TASK DETAILS >>
Set down exactly, from the records below, the line with "Májusban is csökkent az álláskeresők száma" through the line with "Used 2025 Nissan Versa SV image 11", and nothing else.

EXCERPTED DATA >>
======

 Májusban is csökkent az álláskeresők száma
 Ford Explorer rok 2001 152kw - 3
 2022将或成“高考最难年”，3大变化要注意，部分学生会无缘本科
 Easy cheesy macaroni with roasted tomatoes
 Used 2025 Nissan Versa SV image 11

======

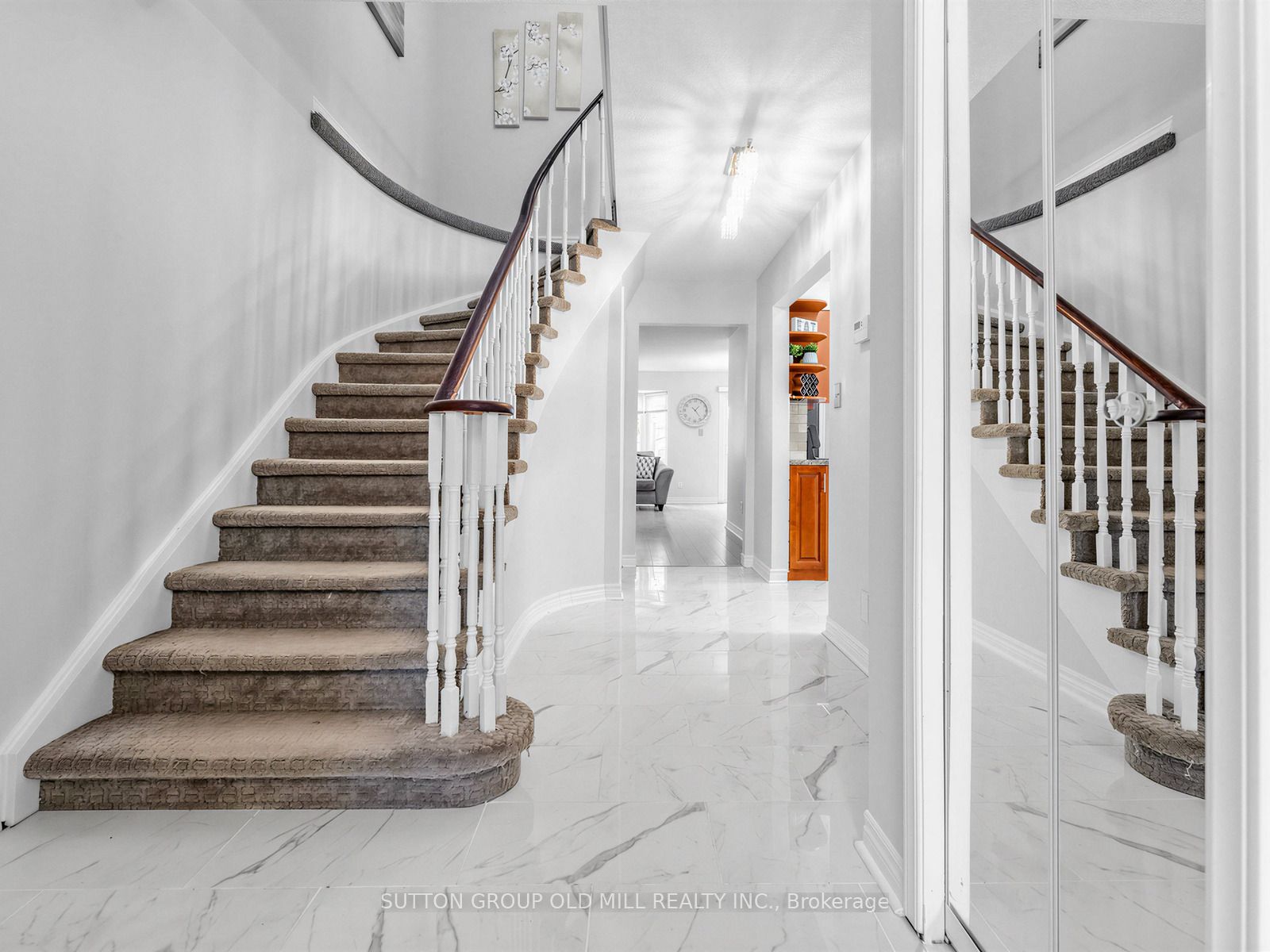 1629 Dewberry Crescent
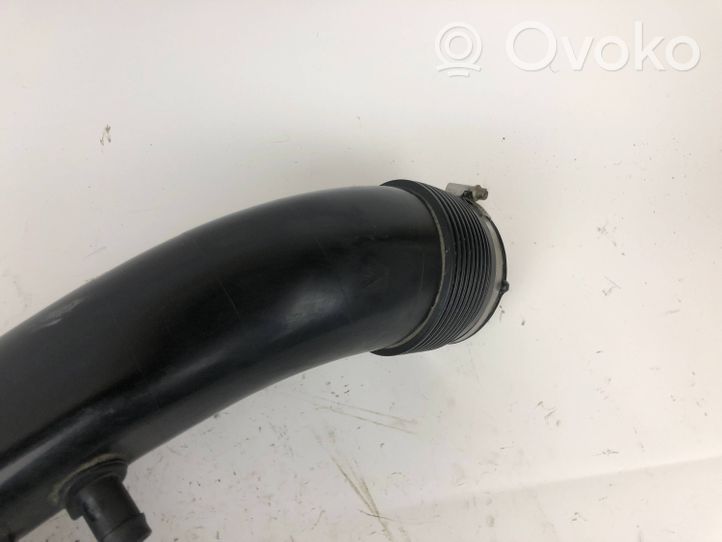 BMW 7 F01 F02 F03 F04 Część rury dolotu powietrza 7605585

======

WRITTEN RESPONSE >>
 Májusban is csökkent az álláskeresők száma
 Ford Explorer rok 2001 152kw - 3
 2022将或成“高考最难年”，3大变化要注意，部分学生会无缘本科
 Easy cheesy macaroni with roasted tomatoes
 Used 2025 Nissan Versa SV image 11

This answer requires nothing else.